[[ Provided records, beginning ]]

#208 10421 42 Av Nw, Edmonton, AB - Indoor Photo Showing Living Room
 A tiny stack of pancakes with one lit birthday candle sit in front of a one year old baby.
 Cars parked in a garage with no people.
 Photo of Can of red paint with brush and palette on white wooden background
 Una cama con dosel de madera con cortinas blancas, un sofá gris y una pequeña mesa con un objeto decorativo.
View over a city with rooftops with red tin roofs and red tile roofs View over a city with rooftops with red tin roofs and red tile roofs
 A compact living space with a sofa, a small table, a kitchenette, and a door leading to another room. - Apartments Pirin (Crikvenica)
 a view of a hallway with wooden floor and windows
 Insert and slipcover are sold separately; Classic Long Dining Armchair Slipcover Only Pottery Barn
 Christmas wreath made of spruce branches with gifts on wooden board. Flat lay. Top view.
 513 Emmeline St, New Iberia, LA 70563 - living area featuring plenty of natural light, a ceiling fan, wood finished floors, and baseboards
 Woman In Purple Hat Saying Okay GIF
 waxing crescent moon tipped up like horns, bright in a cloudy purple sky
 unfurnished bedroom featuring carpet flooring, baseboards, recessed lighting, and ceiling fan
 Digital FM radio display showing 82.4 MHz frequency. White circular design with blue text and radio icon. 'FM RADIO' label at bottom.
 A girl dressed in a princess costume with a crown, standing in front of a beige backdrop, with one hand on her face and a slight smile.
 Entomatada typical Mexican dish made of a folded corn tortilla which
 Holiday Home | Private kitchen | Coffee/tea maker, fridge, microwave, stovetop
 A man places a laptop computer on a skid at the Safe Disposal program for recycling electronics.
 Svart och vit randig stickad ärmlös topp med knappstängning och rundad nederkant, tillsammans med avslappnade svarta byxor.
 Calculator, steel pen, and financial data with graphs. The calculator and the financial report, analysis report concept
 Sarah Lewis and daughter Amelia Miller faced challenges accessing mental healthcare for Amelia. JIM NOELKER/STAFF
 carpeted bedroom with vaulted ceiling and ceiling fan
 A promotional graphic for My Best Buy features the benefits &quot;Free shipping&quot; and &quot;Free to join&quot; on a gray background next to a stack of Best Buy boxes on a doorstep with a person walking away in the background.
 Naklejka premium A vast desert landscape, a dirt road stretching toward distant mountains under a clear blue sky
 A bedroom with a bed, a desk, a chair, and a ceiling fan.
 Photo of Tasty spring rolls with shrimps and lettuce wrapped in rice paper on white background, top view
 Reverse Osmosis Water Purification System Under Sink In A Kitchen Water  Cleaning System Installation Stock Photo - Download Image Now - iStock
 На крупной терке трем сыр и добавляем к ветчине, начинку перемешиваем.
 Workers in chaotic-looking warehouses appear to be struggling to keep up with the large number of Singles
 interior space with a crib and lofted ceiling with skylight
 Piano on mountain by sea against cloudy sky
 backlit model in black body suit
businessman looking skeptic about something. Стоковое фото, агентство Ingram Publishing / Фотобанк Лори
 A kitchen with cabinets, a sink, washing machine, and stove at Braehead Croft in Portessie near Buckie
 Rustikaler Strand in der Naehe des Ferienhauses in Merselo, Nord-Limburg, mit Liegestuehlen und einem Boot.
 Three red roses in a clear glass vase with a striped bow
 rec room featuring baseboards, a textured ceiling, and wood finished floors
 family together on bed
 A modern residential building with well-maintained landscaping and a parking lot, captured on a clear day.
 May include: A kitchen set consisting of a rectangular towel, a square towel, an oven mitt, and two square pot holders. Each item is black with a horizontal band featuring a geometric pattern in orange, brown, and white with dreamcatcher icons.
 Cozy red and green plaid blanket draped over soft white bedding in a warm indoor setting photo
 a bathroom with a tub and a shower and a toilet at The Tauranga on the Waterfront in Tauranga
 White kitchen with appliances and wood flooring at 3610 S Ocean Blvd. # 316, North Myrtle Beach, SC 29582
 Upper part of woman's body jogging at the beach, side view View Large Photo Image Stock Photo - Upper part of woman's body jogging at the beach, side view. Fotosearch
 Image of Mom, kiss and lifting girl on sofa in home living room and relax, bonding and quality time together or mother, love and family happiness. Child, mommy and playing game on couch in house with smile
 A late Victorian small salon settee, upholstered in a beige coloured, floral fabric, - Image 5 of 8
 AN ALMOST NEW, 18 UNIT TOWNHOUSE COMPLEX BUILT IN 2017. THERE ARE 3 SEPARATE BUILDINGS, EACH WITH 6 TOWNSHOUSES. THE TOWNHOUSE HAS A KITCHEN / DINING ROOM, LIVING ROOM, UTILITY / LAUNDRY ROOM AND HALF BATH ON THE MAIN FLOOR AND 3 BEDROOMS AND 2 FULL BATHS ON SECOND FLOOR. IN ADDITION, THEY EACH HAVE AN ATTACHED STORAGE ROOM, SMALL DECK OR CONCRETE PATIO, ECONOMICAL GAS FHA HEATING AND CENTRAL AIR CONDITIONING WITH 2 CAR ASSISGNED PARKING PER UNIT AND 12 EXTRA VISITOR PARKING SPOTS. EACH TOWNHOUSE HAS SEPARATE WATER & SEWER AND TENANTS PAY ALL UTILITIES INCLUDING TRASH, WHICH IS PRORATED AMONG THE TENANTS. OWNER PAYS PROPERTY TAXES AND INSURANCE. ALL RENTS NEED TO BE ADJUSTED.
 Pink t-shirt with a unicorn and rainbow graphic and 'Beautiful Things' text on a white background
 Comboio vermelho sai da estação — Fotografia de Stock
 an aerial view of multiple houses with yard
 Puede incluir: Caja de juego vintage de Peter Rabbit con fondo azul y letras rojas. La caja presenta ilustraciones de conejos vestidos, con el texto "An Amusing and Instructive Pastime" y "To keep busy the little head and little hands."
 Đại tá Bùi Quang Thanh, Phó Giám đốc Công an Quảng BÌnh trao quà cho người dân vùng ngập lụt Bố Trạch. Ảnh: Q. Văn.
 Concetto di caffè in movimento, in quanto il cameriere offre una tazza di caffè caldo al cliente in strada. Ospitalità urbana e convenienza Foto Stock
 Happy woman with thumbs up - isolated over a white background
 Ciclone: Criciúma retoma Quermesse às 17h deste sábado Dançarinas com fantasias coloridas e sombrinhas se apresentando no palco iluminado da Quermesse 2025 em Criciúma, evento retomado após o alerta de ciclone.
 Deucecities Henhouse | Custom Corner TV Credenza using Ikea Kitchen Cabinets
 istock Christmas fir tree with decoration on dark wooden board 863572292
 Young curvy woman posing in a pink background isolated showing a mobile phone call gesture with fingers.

[[ Provided records, end ]]

| Directions |
Copy out the range of lines above starting at the line with "Three red roses" and ending at the line with "A modern residential", exactly and including both.

| Solution |
 Three red roses in a clear glass vase with a striped bow
 rec room featuring baseboards, a textured ceiling, and wood finished floors
 family together on bed
 A modern residential building with well-maintained landscaping and a parking lot, captured on a clear day.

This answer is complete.